In another case the buyers asked the court for a declaration they could rescind the purchase contract and get a refund of their deposit on the basis of two registered easements for storm and sanitary sewers. The buyers’ application was dismissed.
In another case, buyers got hit with a judgment for $430,000 after they refused to close a purchase due to typical registered utility easements.
But there have also been cases where registered easements were found to entitle the buyers to back out of their purchase agreements. The cases turn on whether the easements materially affect the use of the property.
Back in 2007, a buyer contracted to buy a Toronto property and paid a deposit of $60,000.
The title search revealed a 20-foot wide easement for storm and sanitary sewers covering 3,400 square feet which was most of the rear garden, and 26 per cent of the entire lot.

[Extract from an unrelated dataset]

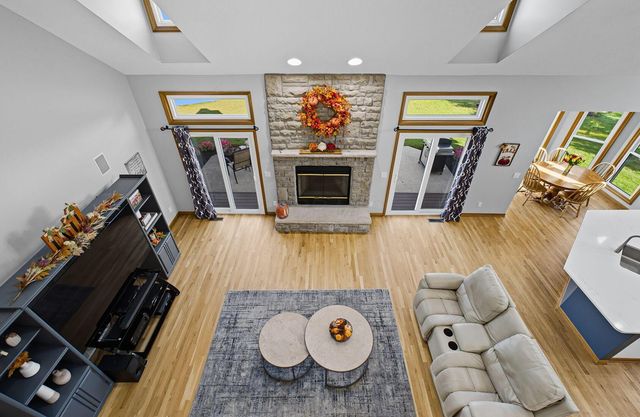 5962 Heritage Lakes Drive, Hilliard, OH 43026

In addition, a two-storey gazebo was sitting on top of the easement.
The buyer went to court to rescind the agreement. Justice Maureen Forestell set out the four legal tests for whether an easement materially affects the use of the property:
1) the location of the easement; 2) its size; 3) the point of access; and 4) the owner’s enjoyment of the property.
Justice Forestell found that the yard — an integral part of the enjoyment of the residential property — might have to be dug up to access the sewers. She decided in favour of the buyer and ordered the return of the deposit.
Another easement case went to the Court of Appeal in 2018. A buyer agreed to buy a property in Kleinberg. In the agreement, the buyer acknowledged the existence of an easement in favour of TransCanada Pipeline (TCPL). But there was an undisclosed, second easement registered on title that ran directly under the swimming pool, patio and cabana.
A letter agreement, also on title, required the owner to sign a further agreement with TCPL acknowledging that it had the right to remove the pool and cabana if necessary, with costs shared between the pipeline and the owners.
The purchase and sale agreement made no reference to the second TCPL easement or ongoing litigation between the owner and TCPL.
When this came to the buyer’s attention, he requested the return of his $50,000 deposit and the sellers refused.
At the court hearing in 2016, Justice Robert Charney ruled that the undisclosed easement could significantly affect the buyer’s use and enjoyment of the property. He ordered the return of the $50,000 deposit. The Court of Appeal dismissed the seller’s appeal.
Bob Aaron is a Toronto real estate lawyer and frequent speaker to groups of home buyers and real estate agents.